Redacción

La Universidad de Panamá (UP) a través de un comunicado que emitió la Vicerrectoría Administrativa señala que la institución no tiene responsabilidad sobre la gestión o uso posterior de los fondos que recibe el contratista por el desarrollo de la construcción de la nueva sede del Centro Regional Universitario de San Miguelito (Crusam).
Agrega que esa responsabilidad recae exclusivamente sobre la empresa adjudicataria, la cual debe regirse por las normativas legales y fiscales vigentes en la República de Panamá, bajo la supervisión de los entes reguladores del Estado.
“Nuestra responsabilidad es asegurar que los fondos públicos asignados a la Universidad de Panamá se ejecuten con transparencia, exigiéndose la debida justificación de cada centavo previo a su desembolso, tanto por nuestro equipo técnico como por la Contraloría General de la República”, señala el documento.

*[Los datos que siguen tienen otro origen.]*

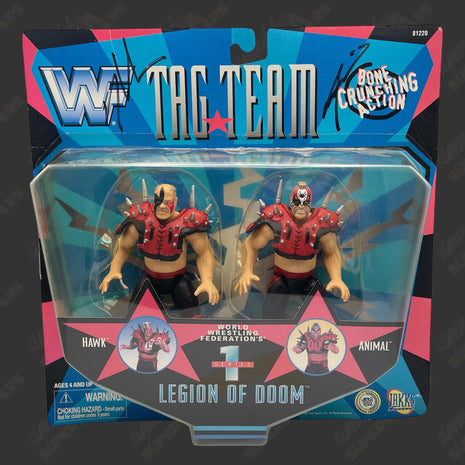 Legion of Doom Animal & Hawk dual signed WWF Jakks Tag Team Series 1 Action Figure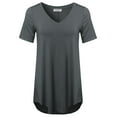 thumbnail image 1 of FashionOutfit Women's Daily Basic Premium Rayon Short Sleeve High-Low Hem V-Neck T shirts, 1 of 1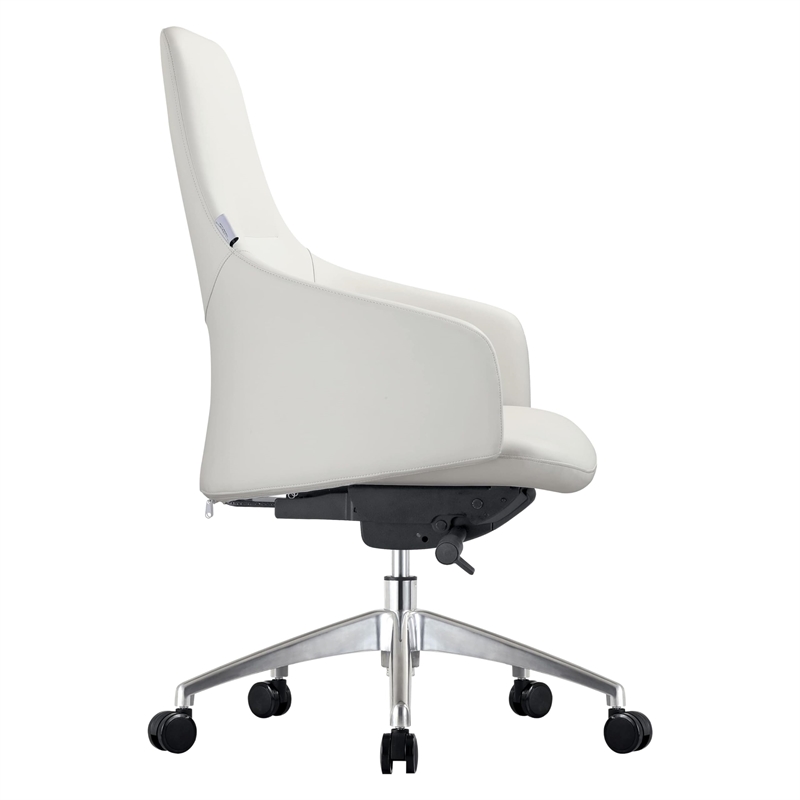 LeisureMod Celeste Modern Office Chair in Upholstered Faux Leather White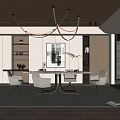 Modern Restaurant Interior With Dining Table Chairs Pendant Lights Decorative Painting And Plants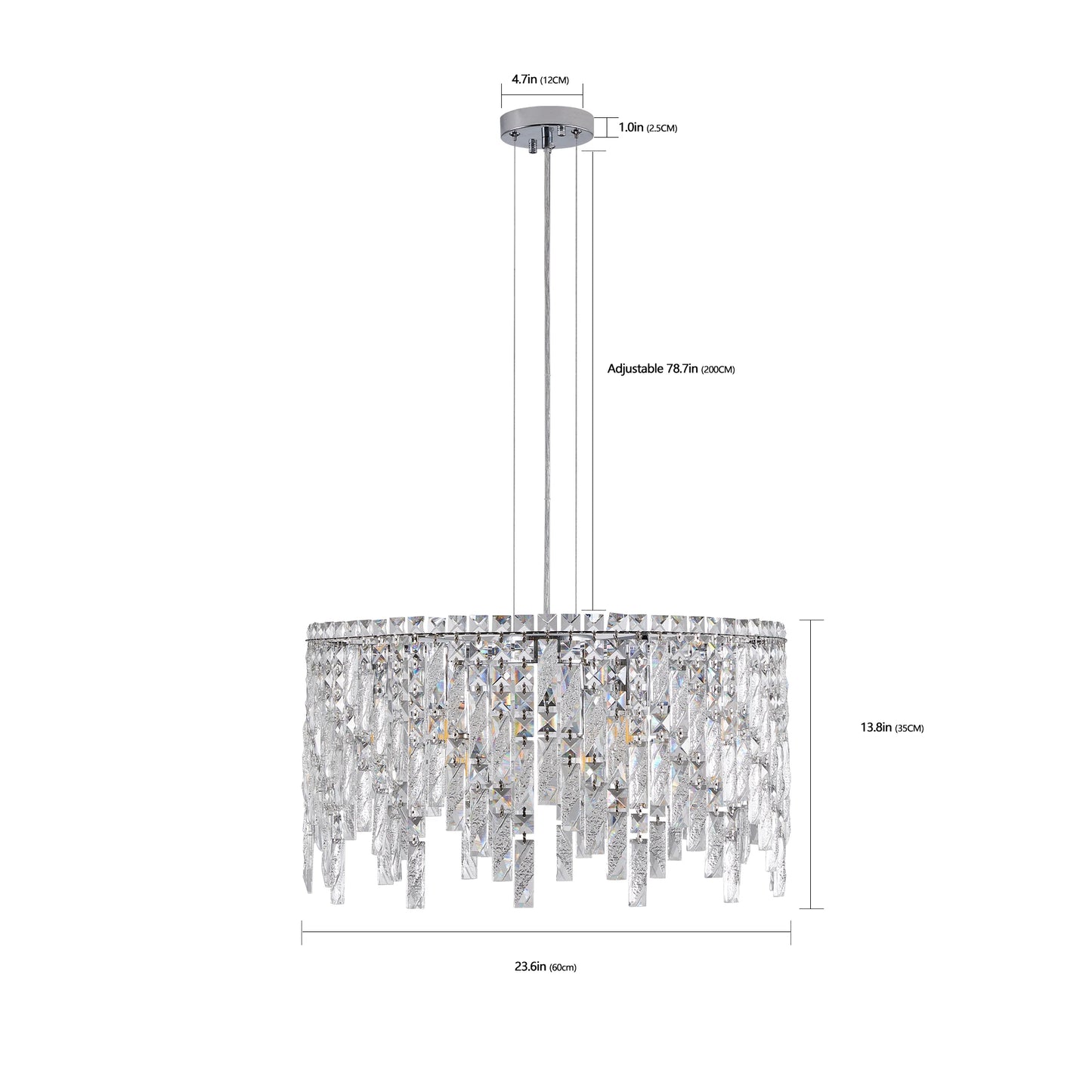 Round Crystal Dining Room Pendant Light
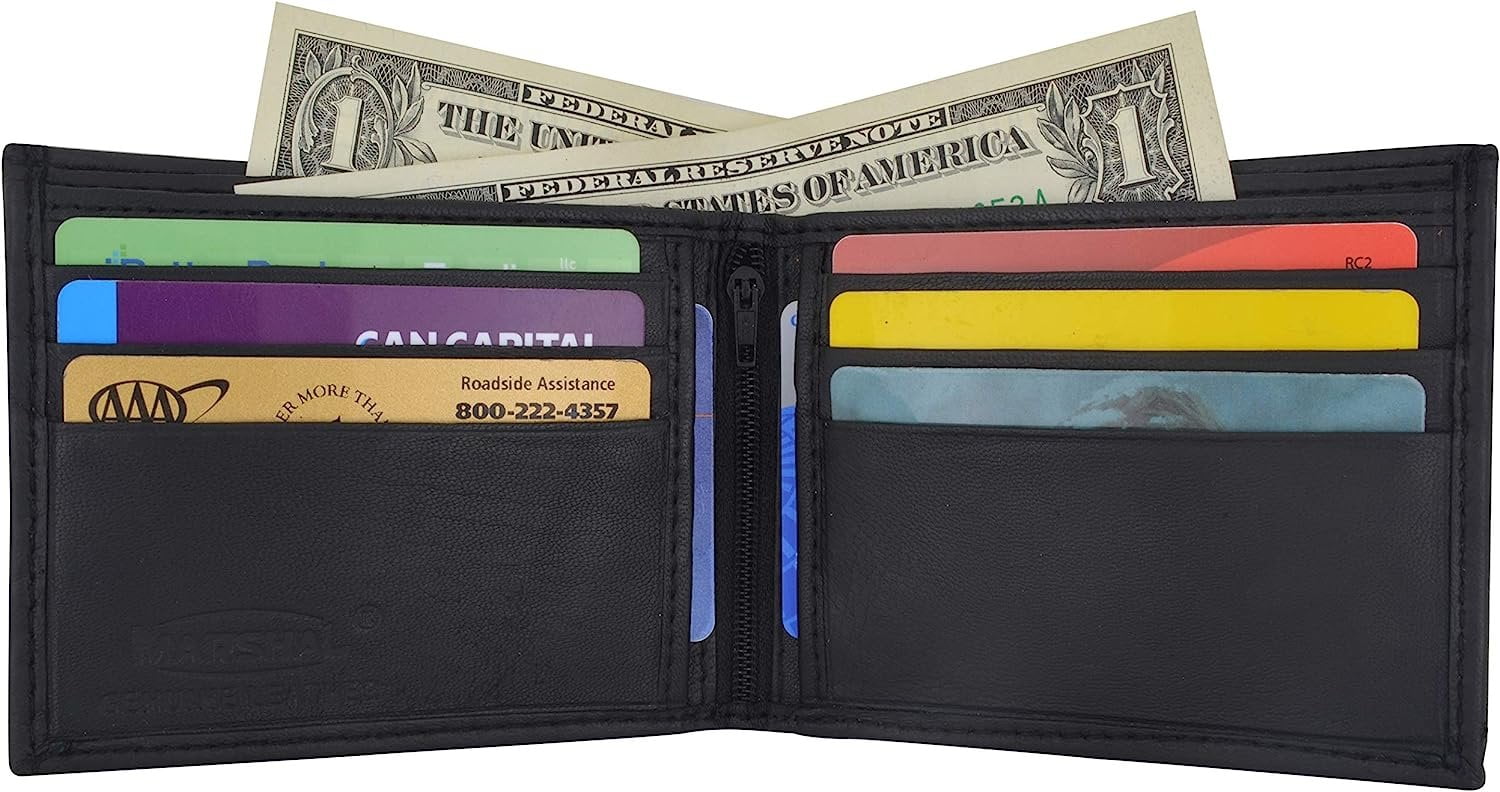 Marshal Genuine Lambskin Soft Leather Bifold Men's Wallet with inner Zipper - Image 2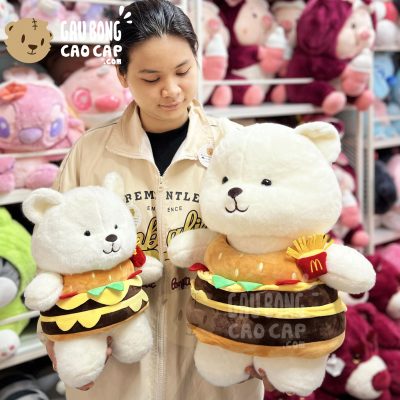 Gấu Bông Lena đứng cosplay Bánh Hamburger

En el comunicado, la universidad reafirma ante la ciudadanía y la comunidad universitaria que el proceso de contratación del proyecto “Estudios, Desarrollo de Planos y Construcción del Nuevo Centro Regional Universitario de San Miguelito” se llevó a cabo en estricto cumplimiento de las disposiciones establecidas en la Ley 22 de Contrataciones Públicas, garantizando los principios de transparencia, debido proceso, libre concurrencia y publicidad.
El acto público N° 2018-1-90-0-08-LV-045271, publicado en el portal electrónico “PanamaCompra”, fue ampliamente difundido y cumplió con todas las etapas procedimentales requeridas, incluyendo la convocatoria pública y la reunión de homologación (en la que participaron 16 empresas).
Finalmente, tres empresas presentaron propuestas en la licitación, siendo adjudicada al Consorcio HCG, S.A., el 21 de octubre de 2019, al obtener la mayor puntuación (95.3 puntos) conforme a los criterios de evaluación establecidos y la evaluación técnica realizada por una comisión evaluadora especializada. El contrato fue refrendado el 10 de diciembre de 2019 por la Contraloría General de la República, bajo la administración del contralor Federico Humbert.
Como consecuencia de la paralización de los trabajos durante casi 2 años por la pandemia de COVID-19, la empresa presentó un reclamo de equilibrio contractual por los efectos económicos de dicha suspensión, por un monto de 28 millones de balboas. Tras solicitar asesoría a la Contraloría General de la República, se acordó un monto de 15.6 millones de balboas como compensación.
Con la llegada del nuevo gobierno, el rector envió una nota al Contralor, el 2 de enero de 2025 (R-D-2550-2025), solicitando una revisión de los procedimientos utilizados para fijar el monto del equilibrio contractual. A la fecha, la Universidad no ha realizado ningún pago sobre este monto.
En relación con la construcción de la nueva sede del Crusam el comunicado expresa que se trata de una iniciativa educativa de alto impacto. Es la construcción más grande emprendida por la Universidad de Panamá desde la edificación del campus Octavio Méndez Pereira.
Beneficiará a miles de estudiantes de San Miguelito, Panamá Norte y Panamá Este. Contará con 9 edificios con capacidad para atender a 18 mil personas en los 3 turnos de clases, y estará equipada con tecnología de punta y amplias comodidades, convirtiéndola en la sede universitaria más avanzada del país, tanto en el sector público como en el privado.